The instrument was owned by Felix Hildesheimer, who worked as a seller of musical instruments in the 1930s. But in 1939, one year after purchasing the violin, Hildesheimer committed suicide after failing to escape Nazi Germany. Some of his family members managed to emigrate.
The commission spent several years researching to confirm whether the Nazis confiscated the Guarneri or compelled Hildesheimer to sell it. It came to the conclusion that neither possiblity could be confirmed. However. However, it ruled that the probability of the Nazis having confiscated the instrument was very high.

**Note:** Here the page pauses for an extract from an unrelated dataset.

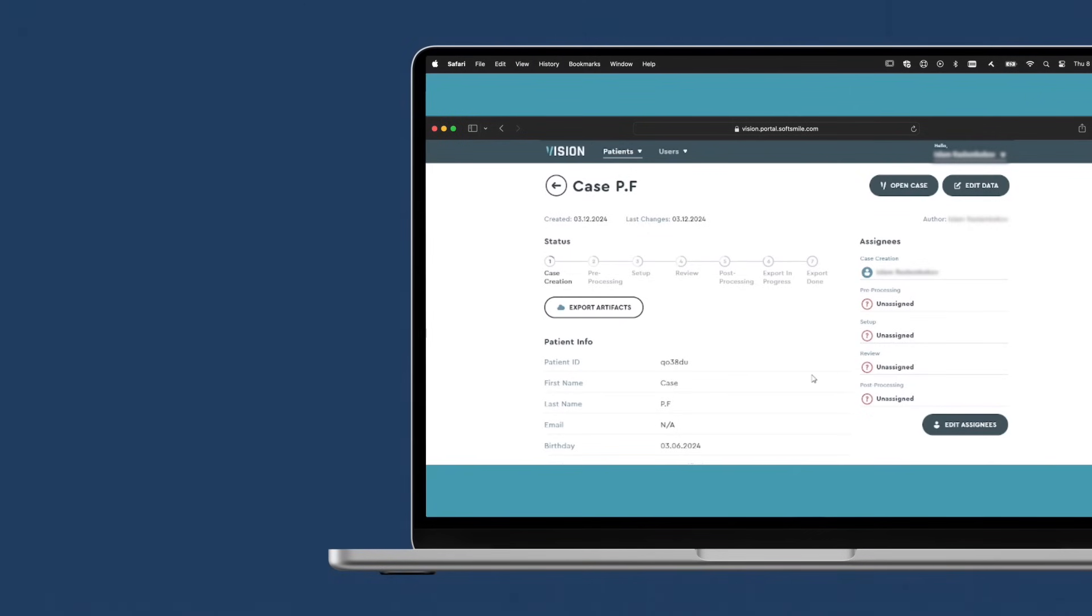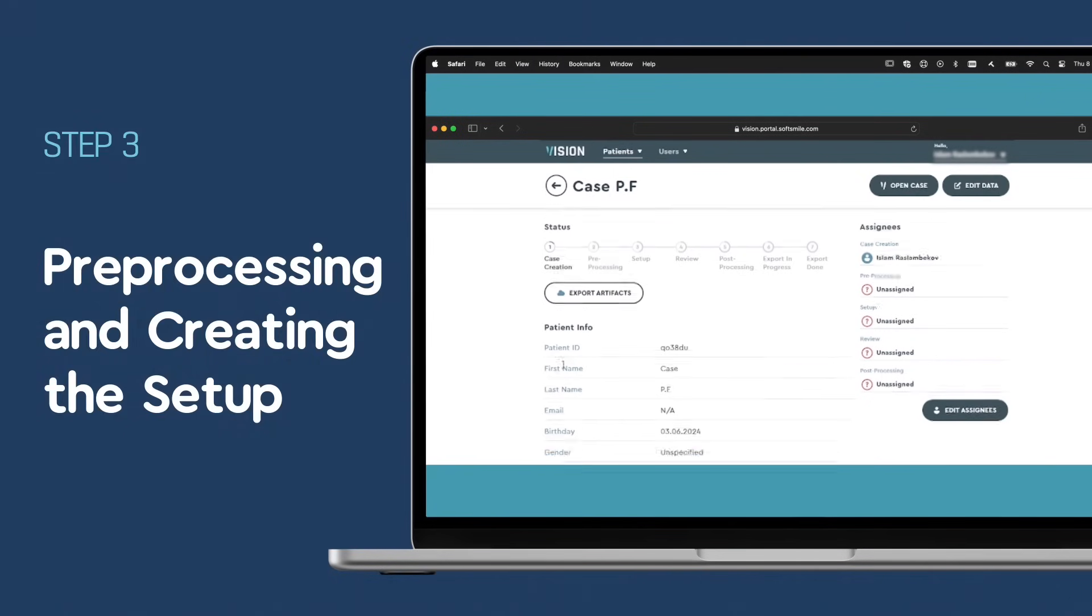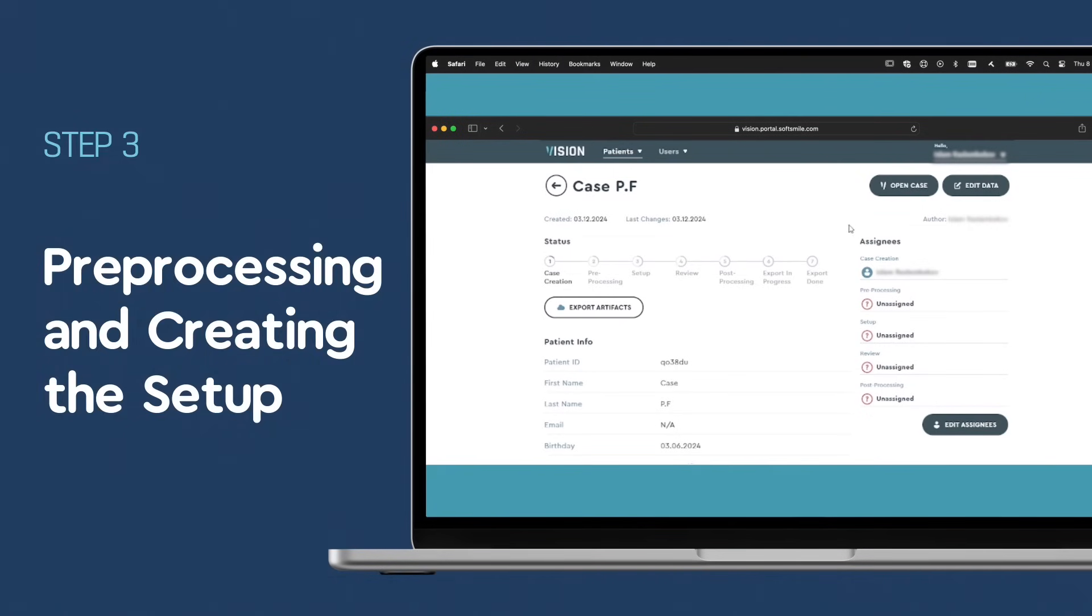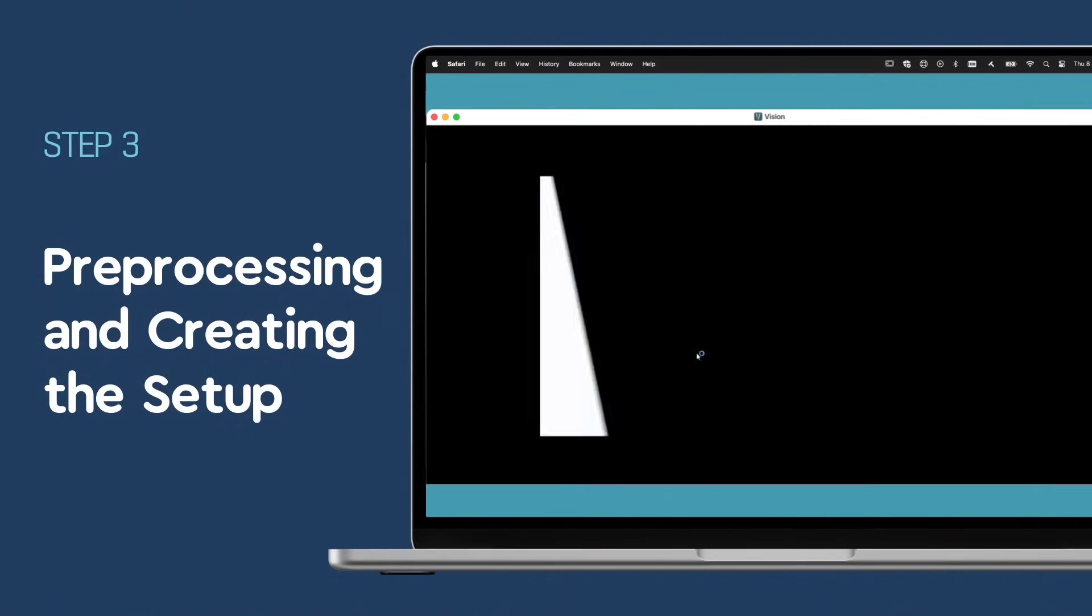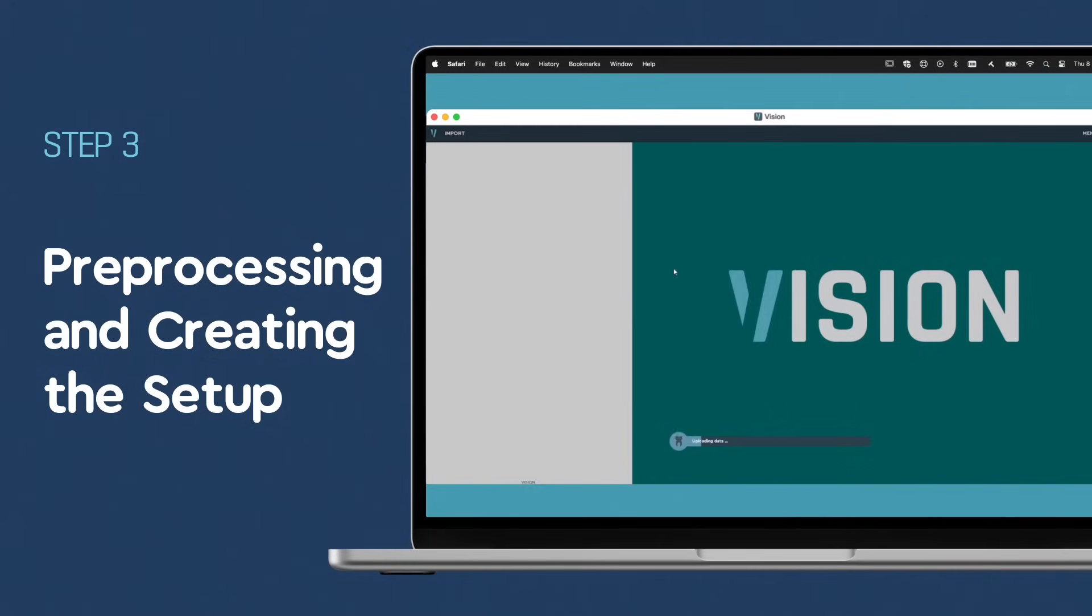Upon receiving your case, our team begins the pre-processing phase, ensuring high accuracy and quality for the final treatment plan through critical sub-stages.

The commission stated further that the Franz Hofmann and Sophie Hagemann Foundation, which has been in possession of the classical violin music since 2010, should be allowed to keep the Guarneri. Although the commission’s findings are not legally binding, the foundation has agreed to pay €100,000 to the heirs of Hildesheimer and promised that the young musicians who use the Guarneri will perform a number of memorial concerts to commemorate the life of Felix Hildesheimer.
The Guarneri violin will continue to be used at Nuremberg’s college of music and was described by the foundation as an instrument of reconciliation.